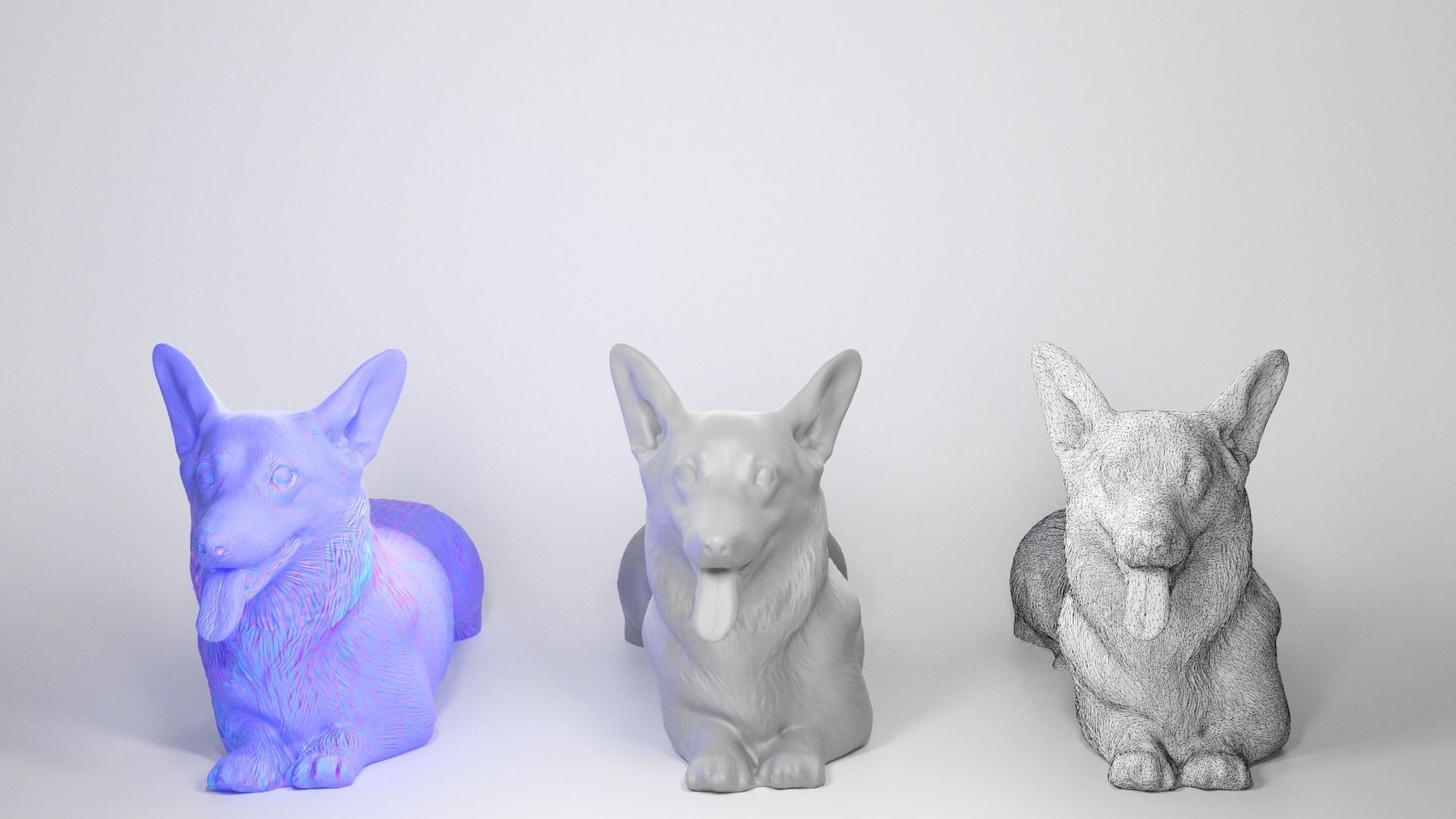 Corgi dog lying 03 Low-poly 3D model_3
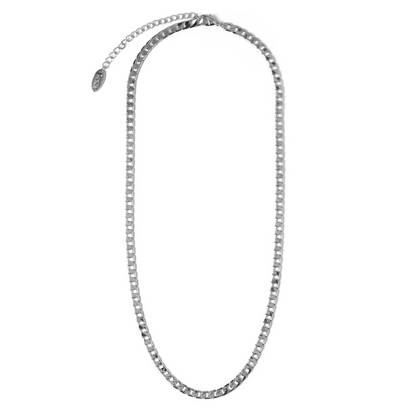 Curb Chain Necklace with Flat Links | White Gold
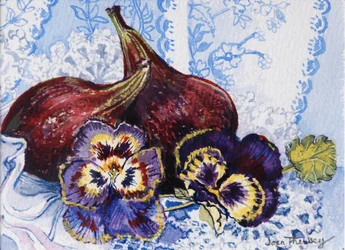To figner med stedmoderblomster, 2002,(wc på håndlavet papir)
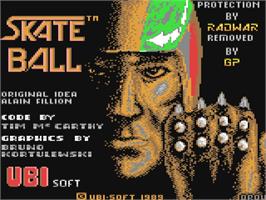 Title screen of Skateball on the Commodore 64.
...
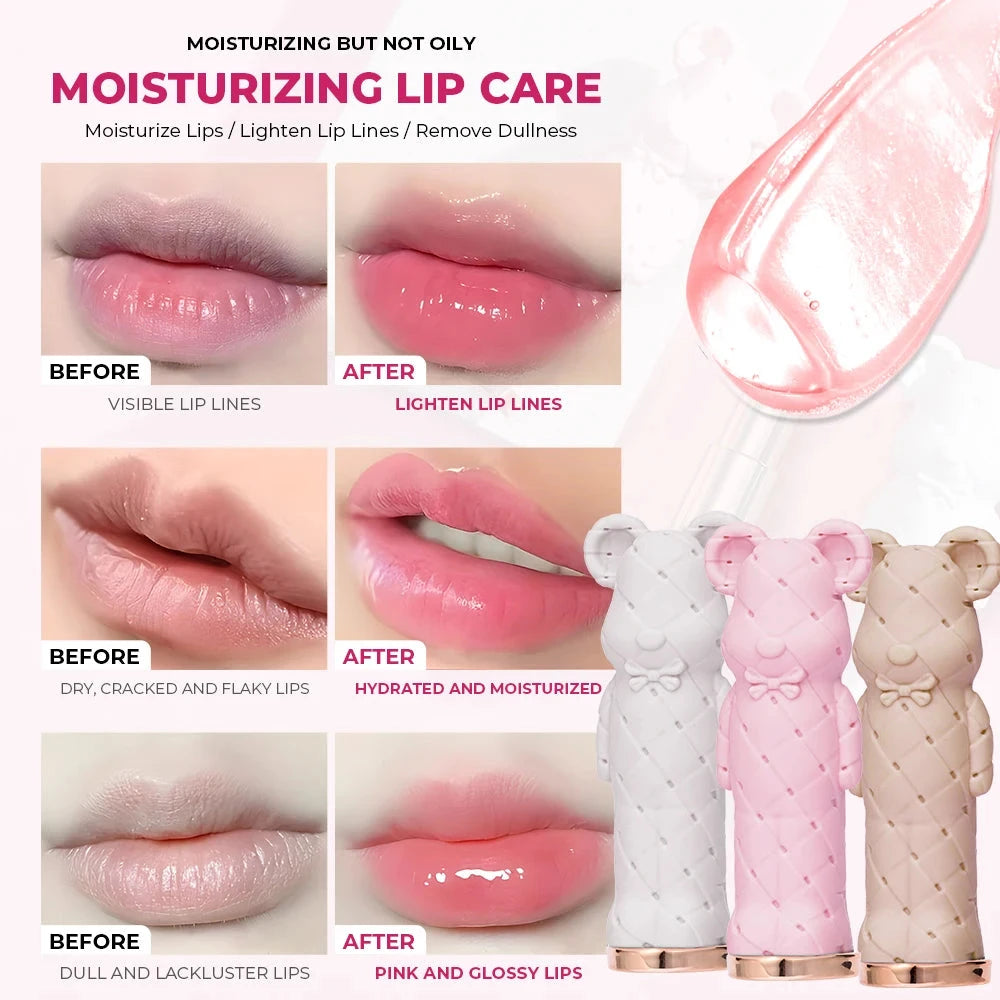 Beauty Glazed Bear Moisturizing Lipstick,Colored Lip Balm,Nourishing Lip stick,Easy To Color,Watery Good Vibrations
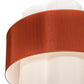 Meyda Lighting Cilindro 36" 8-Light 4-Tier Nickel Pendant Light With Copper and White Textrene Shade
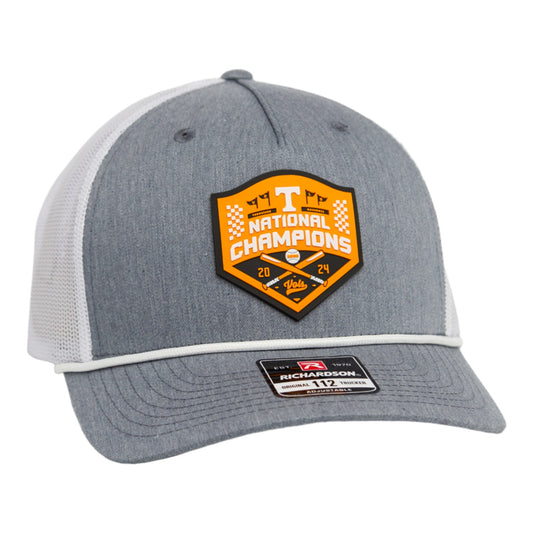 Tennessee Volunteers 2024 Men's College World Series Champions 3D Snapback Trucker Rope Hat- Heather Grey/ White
...
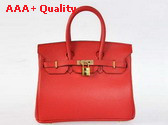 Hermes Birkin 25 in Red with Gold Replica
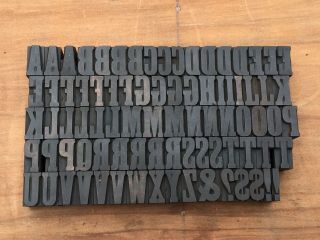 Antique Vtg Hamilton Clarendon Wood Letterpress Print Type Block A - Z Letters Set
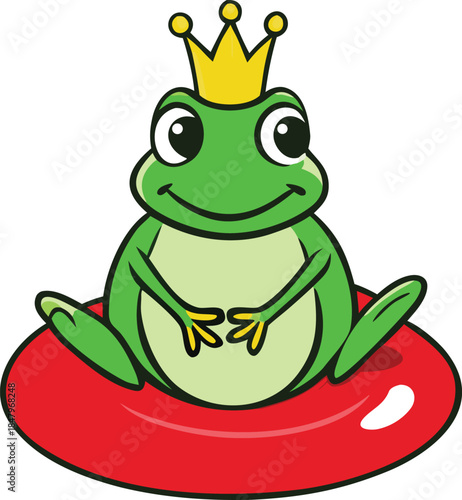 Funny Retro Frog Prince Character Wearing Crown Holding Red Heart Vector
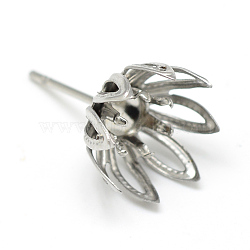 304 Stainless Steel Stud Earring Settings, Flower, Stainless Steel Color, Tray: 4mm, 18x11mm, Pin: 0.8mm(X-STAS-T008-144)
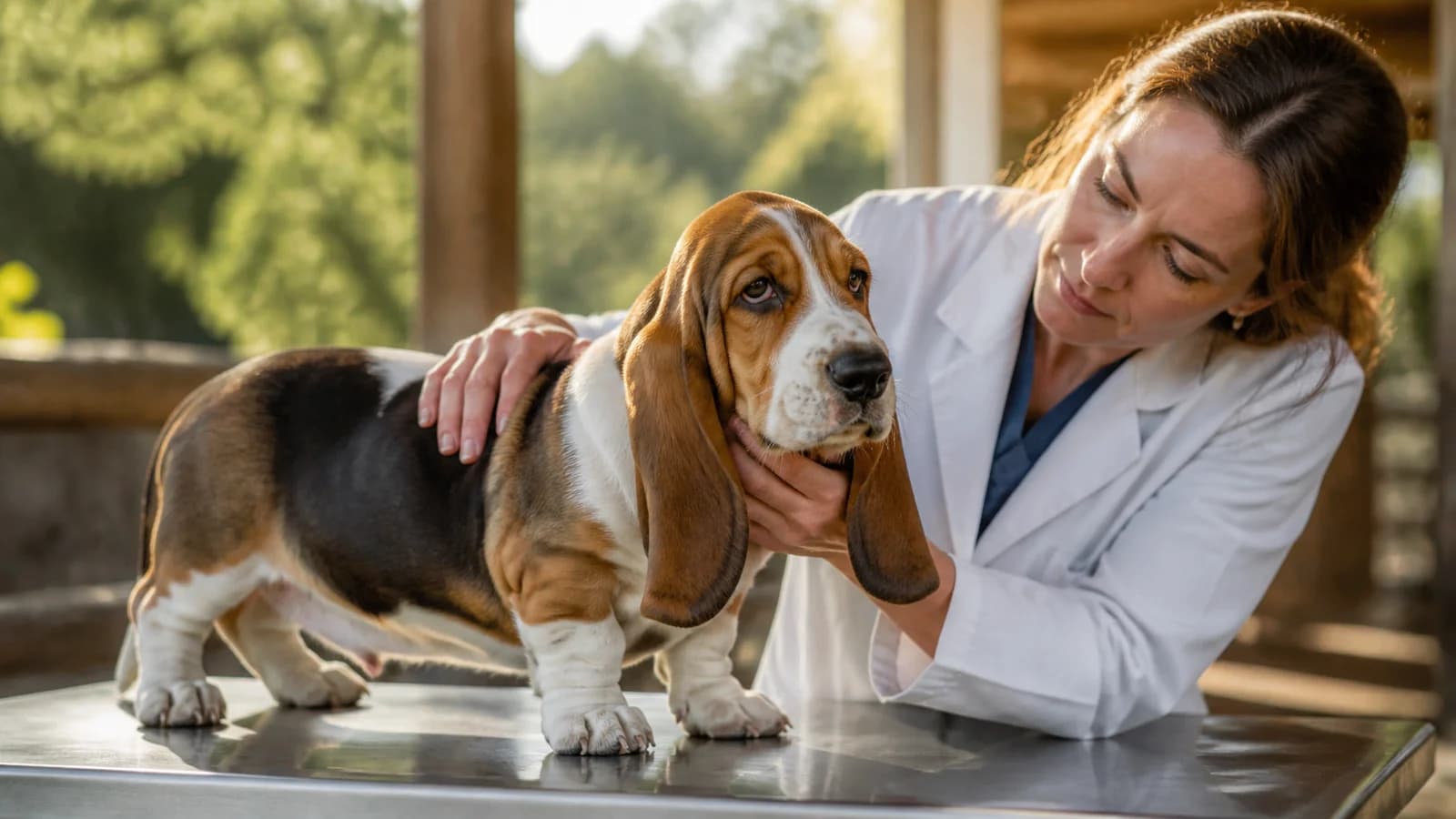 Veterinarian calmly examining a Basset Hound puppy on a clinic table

_Problem description_
Starting at the line above that holds "Corgi dog lying 03 Low-poly 3D model_3", return each line up to and including the one that holds "Title screen of", exactly as written, minus any pictures.

_Response_
 Corgi dog lying 03 Low-poly 3D model_3
 Curb Chain Necklace with Flat Links | White Gold
To figner med stedmoderblomster, 2002,(wc på håndlavet papir)
 Title screen of Skateball on the Commodore 64.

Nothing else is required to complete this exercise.